You can easily reduce the array by slicing the array to the current index.

var inputArray = ['a', 'b', 'c', 'd', 'e', 'f'];

var outputArray = inputArray.reduce(function(result, item, index, arr) {
  return result.concat(arr.slice(0, index + 1).join(''));
}, []);


document.body.innerHTML = '<pre>' + outputArray.join('\n') + '</pre>';

Note: I am still not sure what you mean by "find different arrangement possibilities of an array".

Answer 2

You could iterate over each character once and should be able to populate all sequences.

Here is what you could do.

var inputArray = ['a', 'b', 'c', 'd', 'e', 'f'];

var outputStrings = [];

inputArray.forEach((item, idx) => {
  let prevString = (idx !== 0) ? outputStrings[idx - 1] : "";
  outputStrings.push(prevString + item);
});

console.log(outputStrings);

Answer 3

var array = ['a', 'b', 'c', 'd', 'e', 'f'];
results = [];
for (x = 1; x < array.length + 1; ++x) {
  results.push(array.slice(0, x).toString().replace(/,/g, ""))
}
//PRINT ALL RESULTS IN THE RESULTS VARIABLE
for (x = 0; x < results.length; ++x) {
  console.log(results[x])
}

Answer 4

You need a recursive function to do this.
Since the amount of possible arrangement of your array is 6! (which is 720), I will shorten it to 3 to shorten the sample result, make the number of possible arrangement to 3! (which is 6)

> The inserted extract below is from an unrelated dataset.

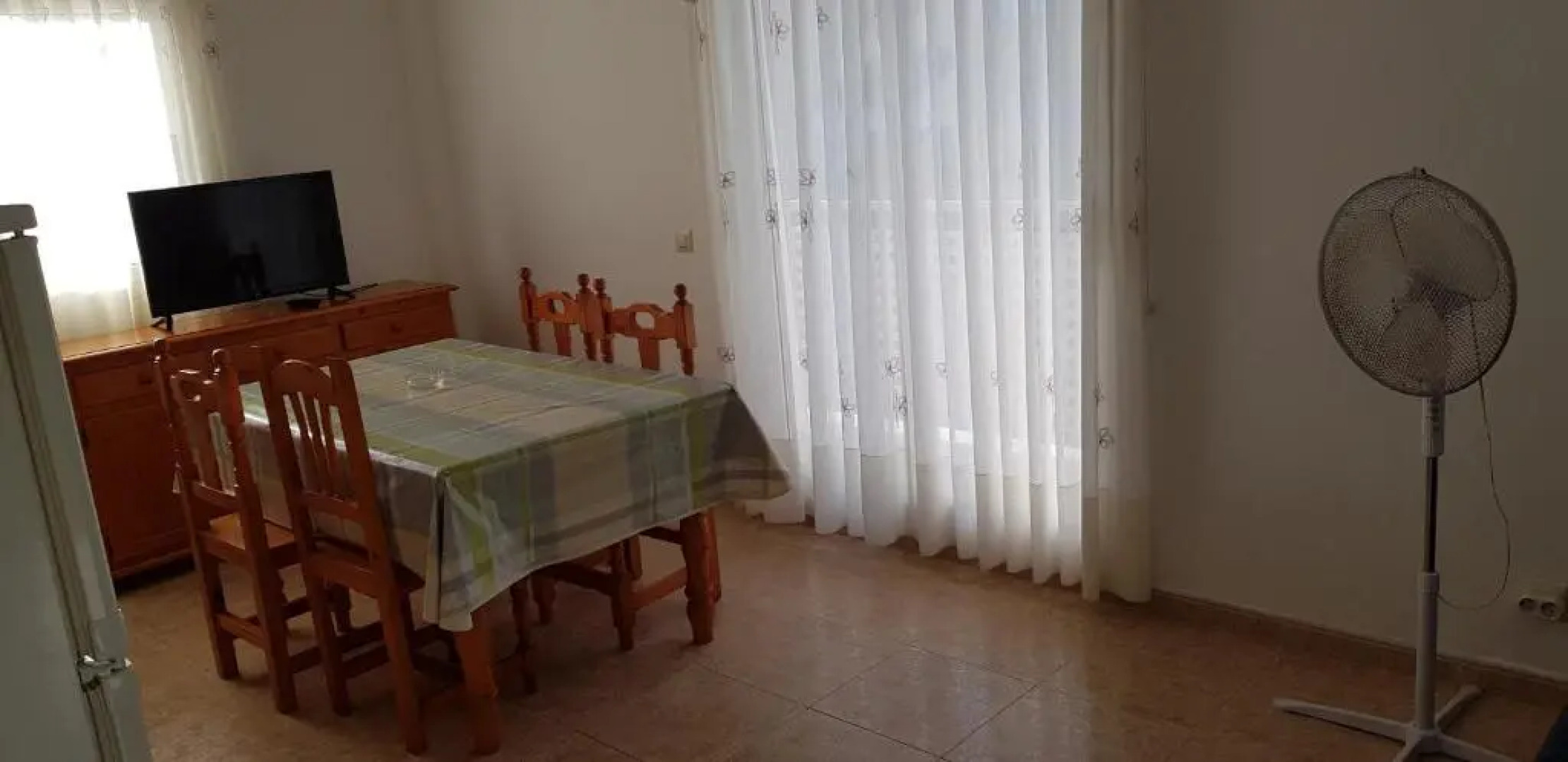 Alquileres Figuerola Los Pinos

var array = ['a', 'b', 'c'];
var counter = 0; //This is to count the number of arrangement possibilities

permutation();
console.log(counter); //Prints the number of possibilities

function permutation(startWith){
    startWith = startWith || '';
    for (let i = 0; i < array.length; i++){
        //If the current character is not used in 'startWith'
        if (startWith.search(array[i]) == -1){
            console.log(startWith + array[i]); //Print the string
                
            //If this is one of the arrangement posibilities
            if ((startWith + array[i]).length == array.length){
                counter++;
            }
                
            //If the console gives you "Maximum call stack size exceeded" error
            //use 'asyncPermutation' instead
            //but it might not give you the desire output
            //asyncPermutation(startWith + array[i]);
            permutation(startWith + array[i]);
        }
        else { 
            continue; //Skip every line of codes below and continue with the next iteration
        } 
    }
    function asyncPermutation(input){
        setTimeout(function(){permutation(input);},0);
    }
 }

The first 3 output is part of your desired output. Hope this answers your question.